Terry Heath

Personal information
- Full name: Richard Terence Heath
- Date of birth: 17 November 1943
- Place of birth: Leicester, England
- Date of death: 25 January 2011 (aged 67)
- Place of death: Spain
- Position: Midfielder

Senior career*
- Years: Team / Apps / (Gls)
- 1962–1964: Leicester City / 8 / (2)
- 1964–1968: Hull City / 31 / (1)
- 1967–1973: Scunthorpe United / 176 / (50)
- 1972–1974: Lincoln City / 17 / (1)
- Total:  / 232 / (54)

= Terry Heath =

English footballer

Richard Terence Heath (17 November 1943 – 25 January 2011) was an English footballer, who played for Leicester City, Hull City, Scunthorpe United and Lincoln City.

==Playing career==
===Leicester City===
Terry Heath joined his hometown club Leicester City as an apprentice in 1961, making his Football League debut in the 2–0 home win against West Ham United on 10 November 1962. He made four further appearances during the season scoring twice, his first goal coming in the 4–3 home victory over Manchester United on 16 April 1963.

The following season he made just three League appearances but did play in the first leg of the 1964 Football League Cup final, a 1–1 draw at Stoke City on 15 April 1964. Leicester's 3–2 victory in the second leg one week later secured them the trophy.

The League Cup appearance would prove to be his last for the Foxes as during the summer of 1964 he linked up with Hull City for a fee of £8,000.

===Hull City===
His spell at Boothferry Park was a frustrating one as he struggled to establish himself in the first team, making just 31 Football League appearances for the club in four seasons before moving on, in March 1968, to join Scunthorpe United for a fee of £5,000.

===Scunthorpe United===
He made an immediate impact at The Old Showground, scoring on his debut in a 5–1 victory over Colchester United and going on to score five goals in 12 appearances though Scunthorpe finished bottom of Division 3.
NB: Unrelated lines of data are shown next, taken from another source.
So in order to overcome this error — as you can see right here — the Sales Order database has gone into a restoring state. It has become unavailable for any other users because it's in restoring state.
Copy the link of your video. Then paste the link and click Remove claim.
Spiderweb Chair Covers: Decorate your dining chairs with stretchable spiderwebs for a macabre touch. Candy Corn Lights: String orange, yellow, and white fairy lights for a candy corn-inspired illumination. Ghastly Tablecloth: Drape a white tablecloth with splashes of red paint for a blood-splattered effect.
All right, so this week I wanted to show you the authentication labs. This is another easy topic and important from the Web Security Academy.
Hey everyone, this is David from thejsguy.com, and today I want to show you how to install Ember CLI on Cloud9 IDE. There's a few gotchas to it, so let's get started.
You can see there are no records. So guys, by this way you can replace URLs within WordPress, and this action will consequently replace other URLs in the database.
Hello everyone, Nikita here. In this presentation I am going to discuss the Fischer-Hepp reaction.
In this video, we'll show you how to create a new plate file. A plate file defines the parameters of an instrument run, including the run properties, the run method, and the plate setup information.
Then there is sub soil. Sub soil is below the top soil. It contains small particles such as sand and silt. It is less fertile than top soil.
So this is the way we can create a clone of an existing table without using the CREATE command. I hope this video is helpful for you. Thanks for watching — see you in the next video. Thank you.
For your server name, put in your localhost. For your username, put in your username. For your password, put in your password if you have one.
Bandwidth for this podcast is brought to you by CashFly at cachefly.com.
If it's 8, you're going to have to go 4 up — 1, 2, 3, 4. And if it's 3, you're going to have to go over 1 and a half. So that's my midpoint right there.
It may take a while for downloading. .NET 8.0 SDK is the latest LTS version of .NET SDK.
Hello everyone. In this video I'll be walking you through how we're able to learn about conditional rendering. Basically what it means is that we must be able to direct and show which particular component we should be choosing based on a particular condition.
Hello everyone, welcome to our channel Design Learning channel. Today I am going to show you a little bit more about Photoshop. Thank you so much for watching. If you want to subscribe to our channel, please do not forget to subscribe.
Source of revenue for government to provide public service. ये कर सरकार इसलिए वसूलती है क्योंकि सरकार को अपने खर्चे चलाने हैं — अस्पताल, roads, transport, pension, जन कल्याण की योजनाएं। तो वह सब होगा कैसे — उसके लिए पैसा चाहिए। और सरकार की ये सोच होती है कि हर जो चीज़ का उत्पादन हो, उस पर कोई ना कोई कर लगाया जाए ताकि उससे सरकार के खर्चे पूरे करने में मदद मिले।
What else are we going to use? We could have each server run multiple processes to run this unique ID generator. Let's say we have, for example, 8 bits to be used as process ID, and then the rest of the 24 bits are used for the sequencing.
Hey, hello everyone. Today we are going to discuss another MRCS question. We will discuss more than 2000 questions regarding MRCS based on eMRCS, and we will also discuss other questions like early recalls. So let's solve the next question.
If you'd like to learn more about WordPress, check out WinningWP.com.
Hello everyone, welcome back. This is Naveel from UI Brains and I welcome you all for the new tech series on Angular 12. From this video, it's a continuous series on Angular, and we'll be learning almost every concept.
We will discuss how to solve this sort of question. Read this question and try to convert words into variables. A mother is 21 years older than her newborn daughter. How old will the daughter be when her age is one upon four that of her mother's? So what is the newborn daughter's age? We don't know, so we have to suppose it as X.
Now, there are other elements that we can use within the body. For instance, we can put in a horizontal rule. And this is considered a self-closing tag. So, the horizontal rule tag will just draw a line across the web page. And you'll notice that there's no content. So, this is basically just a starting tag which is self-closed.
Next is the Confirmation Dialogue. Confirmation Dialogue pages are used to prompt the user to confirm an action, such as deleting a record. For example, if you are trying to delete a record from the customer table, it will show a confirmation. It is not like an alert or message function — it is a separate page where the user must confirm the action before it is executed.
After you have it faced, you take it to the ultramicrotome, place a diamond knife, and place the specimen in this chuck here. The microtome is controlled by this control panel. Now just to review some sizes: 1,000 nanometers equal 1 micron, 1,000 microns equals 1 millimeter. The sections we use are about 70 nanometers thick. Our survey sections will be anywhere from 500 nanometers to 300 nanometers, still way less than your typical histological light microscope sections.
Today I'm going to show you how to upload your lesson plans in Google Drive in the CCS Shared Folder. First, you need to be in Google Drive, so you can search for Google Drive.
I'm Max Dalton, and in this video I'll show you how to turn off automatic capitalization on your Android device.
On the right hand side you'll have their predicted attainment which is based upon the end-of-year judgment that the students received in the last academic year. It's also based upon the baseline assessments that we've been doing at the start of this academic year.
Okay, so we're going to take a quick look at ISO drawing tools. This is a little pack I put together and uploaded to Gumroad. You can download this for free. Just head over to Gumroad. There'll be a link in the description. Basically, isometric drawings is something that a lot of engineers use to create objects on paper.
Apart from injury, he was to be a regular in the side for five seasons, becoming a crowd favourite for his surging runs from deep positions and his explosive shot and finishing top scorer for the club in both the 1968/69 and 1970/71 seasons with 15 and 10 goals respectively. The 1971/72 season saw Scunthorpe United promoted but Heath was missing from the team with a groin injury from December onwards.

===Lincoln City===
In February 1973 Heath joined Lincoln City on loan, debuting in the 1–0 home victory over Darlington on 28 February 1973: a victory noted for being the first managerial win for Graham Taylor. He went on to play nine games for the club that season, scoring once in the 2–0 victory at Mansfield Town on 31 March, before a knee injury ended his season.

In the summer of 1973, a fee of £2,000 secured his services on a permanent basis However, having started City's first two games of the season, an injury to his other knee caused him to be out of action from the end of August until the middle of February. Despite returning for seven games he was advised to retire from the game; a testimonial game being held for him on 1 March 1976 when 5,292 spectators saw the Imps defeat Ipswich Town 1–0.

==Retirement==
After his enforced retirement he worked as a storeman in Lincoln and then at Scunthorpe steelworks before moving to Newquay where he ran a guesthouse as well as earning a reputation for oil painting with a particular fondness for painting nature and wildlife.

He later moved to Spain, becoming an honorary member of the Quesada bowls club in Ciudad Quesada, Rojales, Alicante before his death on 25 January 2011 following a long illness.